#### Q1. A company conducted a survey of its employees and found that 70% of the employees use the
company's health insurance plan, while 40% of the employees who use the plan are smokers. What is the
probability that an employee is a smoker given that he/she uses the health insurance plan?

#### Ans:

To determine the probability that an employee is a smoker given that they use the health insurance plan, we can use Bayes' theorem. Let's define the events:

A: Employee uses the health insurance plan.
B: Employee is a smoker.

We are given the following information:

P(A) = 70% = 0.70 (probability that an employee uses the health insurance plan)
P(B|A) = 40% = 0.40 (probability that an employee is a smoker given that they use the health insurance plan)

Bayes' theorem states:

P(B|A) = (P(A|B) * P(B)) / P(A)

We need to find P(B|A), which represents the probability of an employee being a smoker given that they use the health insurance plan.

P(B|A) = (P(A|B) * P(B)) / P(A)

Substituting the given values:

P(B|A) = (0.40 * P(B)) / 0.70

We need to determine P(B), the probability that an employee is a smoker. However, we don't have this information in the given data. Without knowing the overall percentage of smokers in the company, we cannot calculate P(B|A) accurately.

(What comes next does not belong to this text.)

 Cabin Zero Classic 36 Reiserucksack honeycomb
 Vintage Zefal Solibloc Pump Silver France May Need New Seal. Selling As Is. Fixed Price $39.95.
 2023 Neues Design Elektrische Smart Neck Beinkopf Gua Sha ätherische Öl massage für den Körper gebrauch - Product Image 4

##### Q2. What is the difference between Bernoulli Naive Bayes and Multinomial Naive Bayes?

#### Ans:

Bernoulli Naive Bayes and Multinomial Naive Bayes are two variants of the Naive Bayes algorithm commonly used in machine learning for classification tasks. The main difference between them lies in the type of data they can handle and their underlying assumptions. Here's a comparison:

1. Bernoulli Naive Bayes:
   - Suitable for binary feature data, where each feature is a binary variable (e.g., presence or absence of a particular word in a document).
   - Assumes that each feature is conditionally independent of each other given the class label.
   - It models the presence or absence of a feature using a Bernoulli distribution (a discrete distribution with two possible outcomes).
   - Often used in text classification tasks, such as sentiment analysis or spam detection.

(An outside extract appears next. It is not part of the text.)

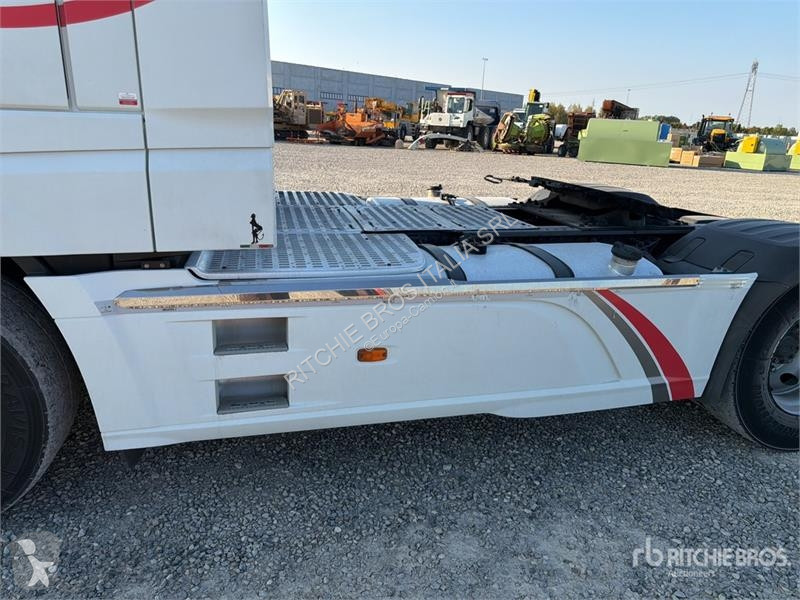 Tratores DAF FT 4x2 S/A Sleeper Truck Tractor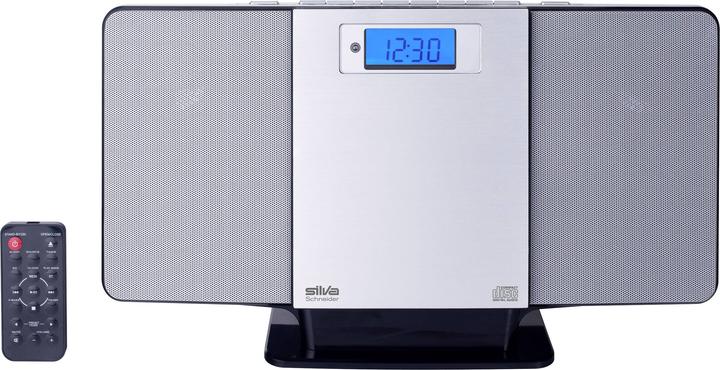 Produktbild Silva Schneider SMV 600 USB (CD Player, 2x 5 W)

2. Multinomial Naive Bayes:
   - Suitable for categorical feature data, where each feature represents the count or frequency of a specific event (e.g., word counts in a document).
   - Assumes that each feature follows a multinomial distribution, which represents the probability of observing different categories of events.
   - Allows multiple occurrences of a feature in a single instance and takes into account the frequencies of different features.
   - Commonly used in text classification tasks where the frequency of words or terms in documents is important, such as document classification or topic modeling.

In summary, Bernoulli Naive Bayes is used for binary features (presence/absence), while Multinomial Naive Bayes is suitable for categorical features with multiple occurrences and frequencies. The choice between them depends on the nature of the data and the specific requirements of the classification problem.

#### Q3. How does Bernoulli Naive Bayes handle missing values?



#### Ans:

Bernoulli Naive Bayes is a variant of the Naive Bayes algorithm that assumes binary features, where each feature is either present or absent. In the case of missing values, Bernoulli Naive Bayes handles them by ignoring the missing features during training and classification.

During the training phase, the algorithm estimates the probabilities of the binary features (presence or absence) for each class based on the available data. If a feature is missing for a particular instance, it is simply not considered in the probability estimation for that instance.

During the classification phase, when a missing value is encountered for a feature, the algorithm ignores that feature and calculates the conditional probabilities based on the available features. It uses the available features' probabilities to classify the instance into the most likely class.

In summary, Bernoulli Naive Bayes handles missing values by treating them as if the corresponding features are not present, effectively excluding them from the probability calculations. However, it is important to note that this approach assumes the missing values are missing completely at random and do not introduce any bias in the classification process. If missing values are not missing completely at random or if they have a significant impact on the classification task, more sophisticated techniques, such as imputation or handling missing values as a separate category, may be necessary.

##### Q4. Can Gaussian Naive Bayes be used for multi-class classification?

##### Ans:

Yes, Gaussian Naive Bayes can be used for multi-class classification. Gaussian Naive Bayes is a variant of Naive Bayes that assumes the features are continuous and follow a Gaussian (normal) distribution. It is commonly used for classification tasks, particularly when dealing with continuous-valued features.

For multi-class classification, where the task involves classifying instances into more than two classes, Gaussian Naive Bayes can still be applied. It extends the binary Naive Bayes algorithm to handle multiple classes by using the principle of maximum a posteriori (MAP) estimation.

In the case of multi-class classification, Gaussian Naive Bayes estimates the class probabilities based on the assumption that the features are conditionally independent given the class. It calculates the likelihood of each class based on the Gaussian distribution parameters (mean and variance) for each feature and uses Bayes' theorem to determine the posterior probability of each class given the observed feature values.

While Gaussian Naive Bayes can be effective for certain types of datasets and assumptions, it may not perform as well in cases where the features are not well-modeled by a Gaussian distribution or when there are strong dependencies among the features. In such cases, alternative algorithms like Multinomial Naive Bayes or other machine learning algorithms may be more suitable.

##### Q5. Assignment:

Data preparation:
Download the "Spambase Data Set" from the UCI Machine Learning Repository (https://archive.ics.uci.edu/ml/
datasets/Spambase). This dataset contains email messages, where the goal is to predict whether a message
is spam or not based on several input features.
Implementation:
Implement Bernoulli Naive Bayes, Multinomial Naive Bayes, and Gaussian Naive Bayes classifiers using the
scikit-learn library in Python. Use 10-fold cross-validation to evaluate the performance of each classifier on the
dataset. You should use the default hyperparameters for each classifier.
Results:
Report the following performance metrics for each classifier:
Accuracy
Precision
Recall
F1 score
Discussion:
Discuss the results you obtained. Which variant of Naive Bayes performed the best? Why do you think that is
the case? Are there any limitations of Naive Bayes that you observed?
Conclusion:
Summarise your findings and provide some suggestions for future work.